Non è possibile invece ottenere il beneficio fiscale in relazione ai contributi versati per il riconoscimento del titolo di studio conseguito all’estero, in quanto l’agevolazione è prevista solo per le spese relative alla frequenza dei corsi di istruzione ed in tale ipotesi, invero, non si procede affatto alla frequentazione di istituti di formazione, pubblici o privati, nonché a corsi di specializzazione o master (circ. 39 del 2010).

Tra le spese detraibili rientrano poi anche quelle sostenute per la frequenza a corsi universitari di specializzazione presso università statali o private. Deve in particolare trattarsi di corsi riconosciuti in base all’ordinamento universitari. Allo stesso modo sono detraibili le spese per la frequenza di “master” universitari (C.M. n. 101/E, punto 8.2, del 19.5.2000) ed anche in tal caso è necessario che i master, per durata e struttura dell’insegnamento, siano assimilabili a corsi universitari o di specializzazione. Per quanto riguarda i “master” gestiti da università private, la detrazione spetta per un importo non superiore a quello stabilito per tasse e contributi versati per le analoghe prestazioni rese da istituti statali italiani. Ovviamente, I corsi di specializzazione o master non gestiti da università statali o private non danno diritto alla detrazione.

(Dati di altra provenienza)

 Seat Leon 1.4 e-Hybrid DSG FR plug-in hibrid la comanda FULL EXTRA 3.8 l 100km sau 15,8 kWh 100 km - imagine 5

La detrazione inoltre spetta per:

  • i corsi telematici, se tenuti da istituti di istruzione secondaria o universitaria, sia statali che privati (Risoluzione n. 6 del 2007);
  • il corso SSIS (scuola di specializzazione per l’insegnamento secondario), trattandosi di un corso di istruzione secondaria (risoluzione n. 77 del 2008);
  • il pagamento del contributo per poter partecipare alla prova di preselezione universitaria. La prova infatti è eventualmente prevista dalla facoltà alla quale lo studente intende iscriversi e costituisce una condizione indispensabile per l’accesso a corsi di istruzione universitaria (risoluzione n. 87 del 2008);
  • il dottorato di ricerca, che rappresenta un titolo conseguito a seguito di uno specifico corso previsto dall’ordinamento universitario per consentire ai laureati di acquisire un grado di preparazione necessaria per svolgere attività di ricerca di alta qualificazione (risoluzione 11 del 2010).

Infine, connesse alle spese di istruzione, vi sono altre spese detraibili, o meglio, “erogazioni finalizzate all’innovazione tecnologica, all’edilizia scolastica e all’ampliamento dell’offerta formativa”, che però richiedono un’indicazione in dichiarazione diversa (nello specifico, mentre per le spese di istruzione si utilizza il codice 13, per le erogazioni in argomento si utilizza il codice 31). Sul tema è importante la nota prot. n. 312 del 20 marzo 2012 del Ministero dell’Istruzione, che ha evidenziato gli aspetti che tutte le istituzioni scolastiche devono tenere presenti. Innanzitutto, i contributi in questione sono volontari e le scuole hanno l’obbligo di fornire alle famiglie le dovute informazioni, soprattutto in merito alla netta distinzione tra quelli che sono i contributi obbligatori (tasse scolastiche) e tali forme di sovvenzionamento che, proprio perché volontarie, non possono riguardare le attività curriculari o di funzionamento ordinario e amministrativo, ma dovranno essere indirizzate verso interventi di ampliamento e arricchimento dell’offerta culturale e formativa. Non rientrano però tra le attività curricolari le “gite scolastiche”. In sostanza, tutto ciò che organizza la scuola al di fuori dei programmi ministeriali (vale a dire, corsi pomeridiani, visite a musei, tornei sportivi, ecc.), sono definite “ampliamento dell’offerta formativa” e sono detraibili in forza della nuova disposizione.